Exercise instructions ▸ Leave out every picture, and output exactly the lines from the line containing "PandaHall CREATCABIN 1Pc" through the last line of the data.

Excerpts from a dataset
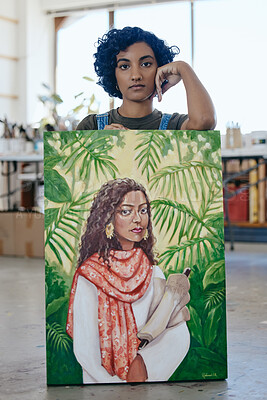 Buy stock photo Portrait, painter and woman with creative painting on canvas in art gallery or studio after working with watercolor palette. Talent, and young Indian artistic student with creativity in workshop 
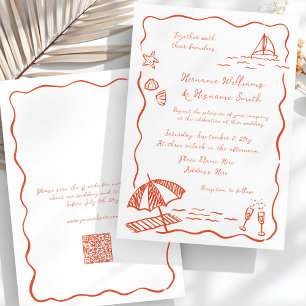 Beach Whimsical Red Hand plockade QR OSA Bröllop Inbjudningar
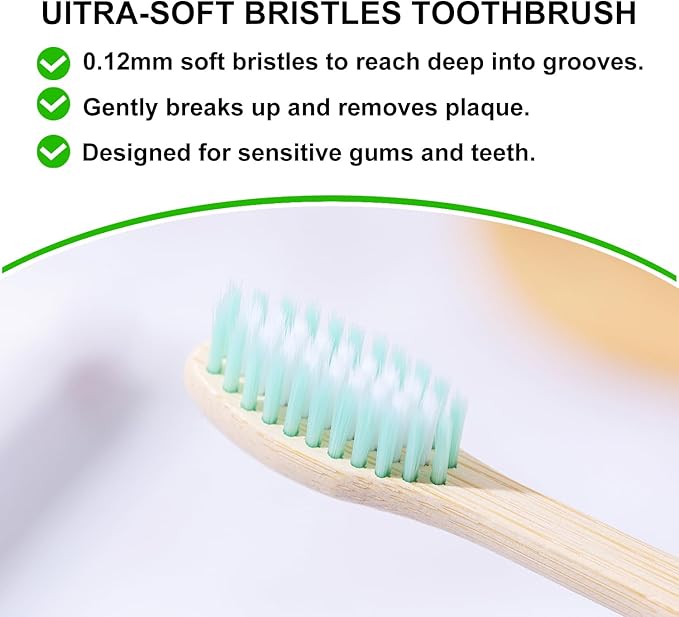 Bamboo Toothbrushes 10 Count Set, BPA Free Soft PBT Bristles, Natural Eco-Friendly Wooden Toothbrush, Organic Biodegradable Travel Tooth Brush for Adults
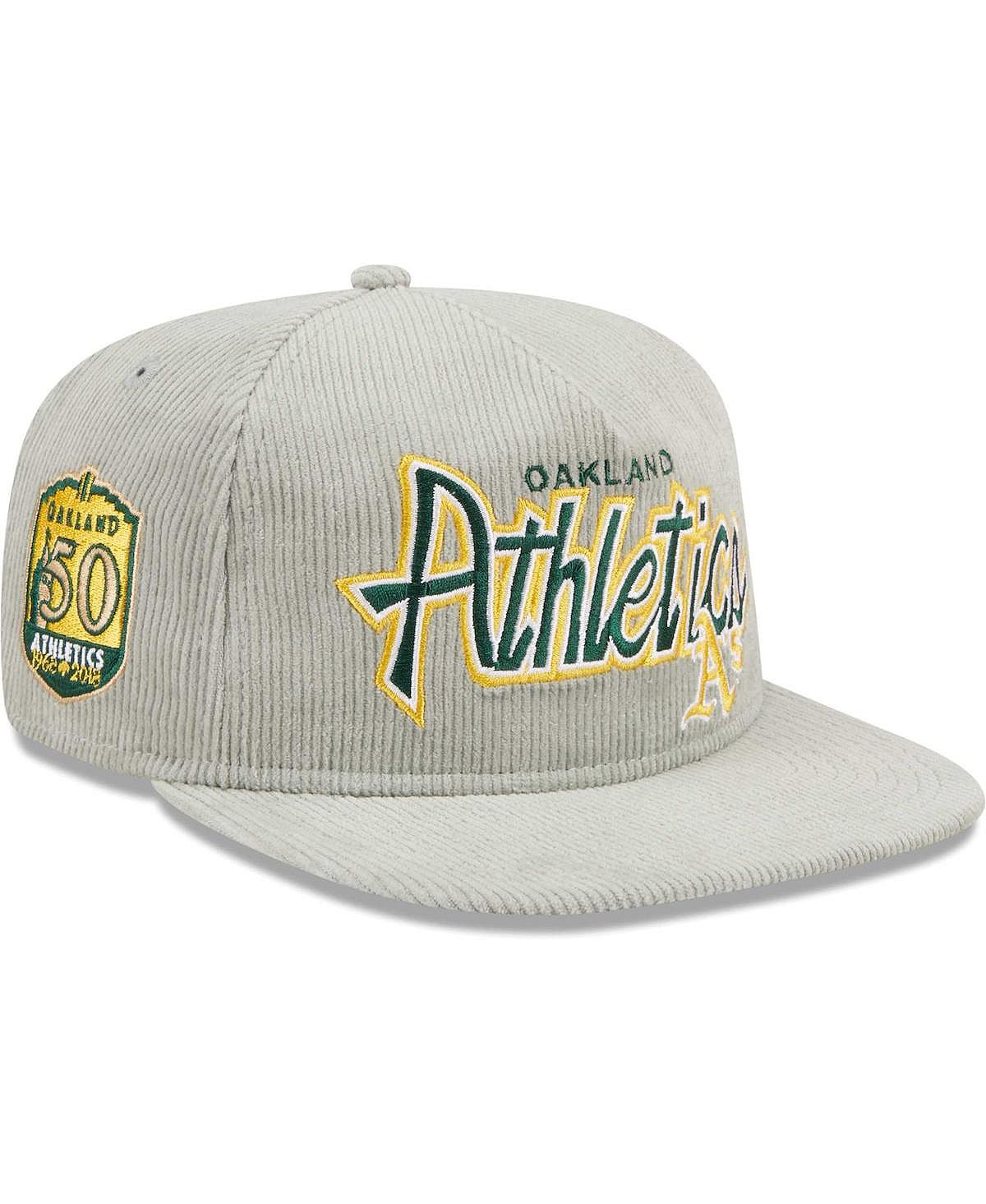 

Мужская серая вельветовая регулируемая кепка Oakland Athletics для гольфиста New Era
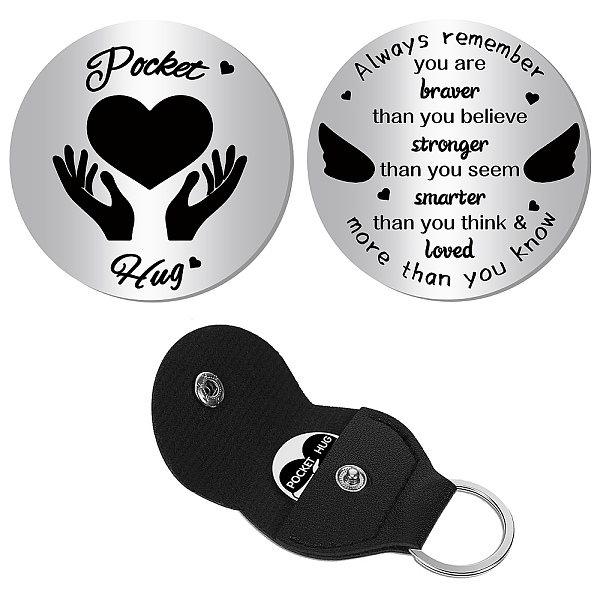 

PandaHall CREATCABIN 1Pc 304 Stainless Steel Commemorative Coins, Lucky Coins, with 1Pc PU Leather Cover, Heart Pattern, Coins: 30x1.8mm...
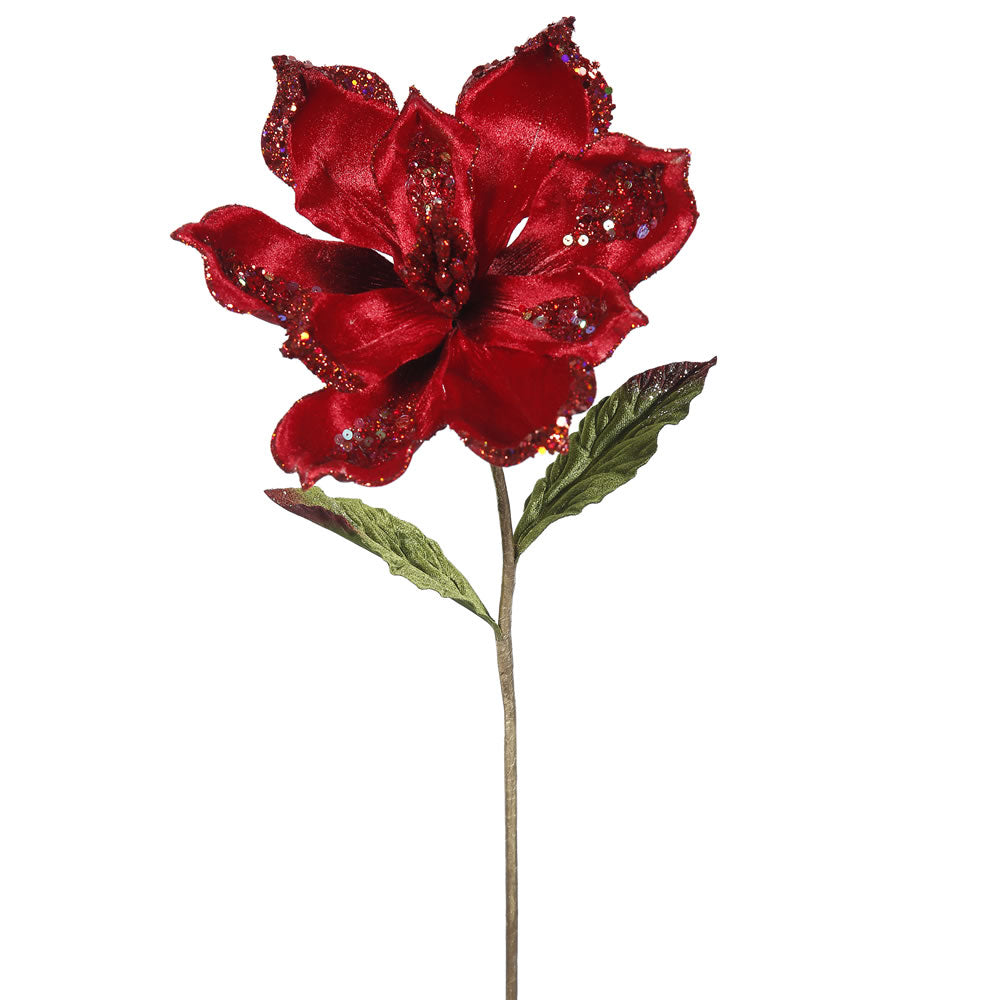 3PK - 22" Red Velvet Magnolia 9" Glitter Flower Decorative Christmas Pick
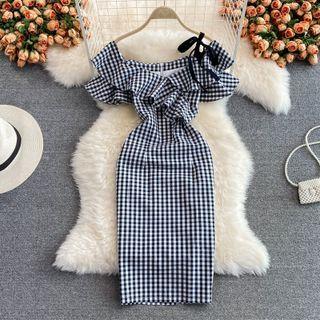 Short-sleeve Off-shoulder Gingham Sheath Dress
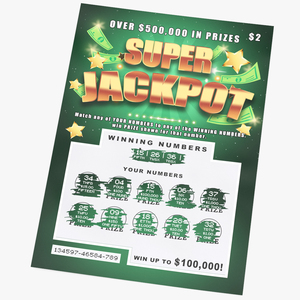 3D Super Jackpot Scratch Off Ticket with Erased Scratchcard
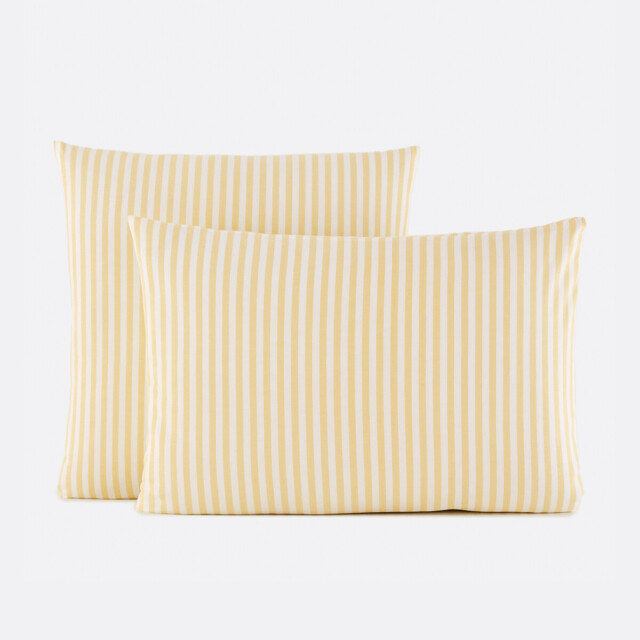 Soizic Yellow Striped Cotton Yarn-Dyed Pillowcase - image 1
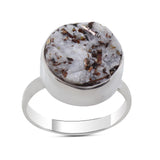 Raw Astrophyllite Gemstone Silver Ring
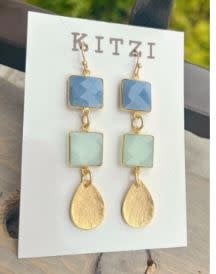 Kitzi Blue And Green Square Gold Teardrop Earrings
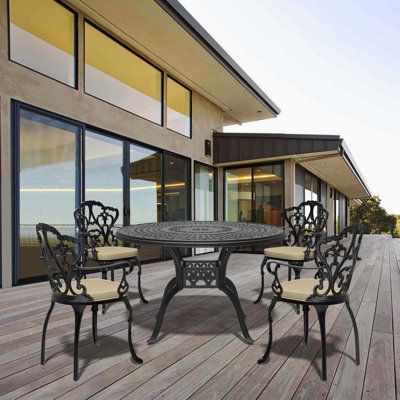 5-Piece Set Of Cast Aluminum Patio Furniture With  Cushions and Round Table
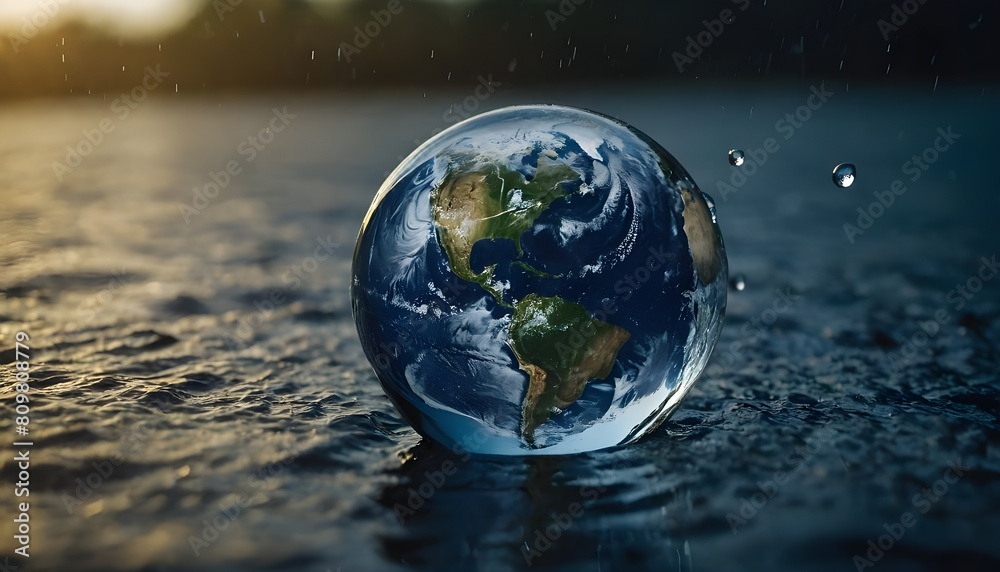 world on water, world environment, earth day concept, save the globe through watering world on water, world environment, earth day concept, save the globe through watering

Written solution ▸
PandaHall CREATCABIN 1Pc 304 Stainless Steel Commemorative Coins, Lucky Coins, with 1Pc PU Leather Cover, Heart Pattern, Coins: 30x1.8mm...
 3PK - 22" Red Velvet Magnolia 9" Glitter Flower Decorative Christmas Pick
 Short-sleeve Off-shoulder Gingham Sheath Dress
 3D Super Jackpot Scratch Off Ticket with Erased Scratchcard
 Soizic Yellow Striped Cotton Yarn-Dyed Pillowcase - image 1
 Raw Astrophyllite Gemstone Silver Ring
 Kitzi Blue And Green Square Gold Teardrop Earrings
 5-Piece Set Of Cast Aluminum Patio Furniture With  Cushions and Round Table
 world on water, world environment, earth day concept, save the globe through watering world on water, world environment, earth day concept, save the globe through watering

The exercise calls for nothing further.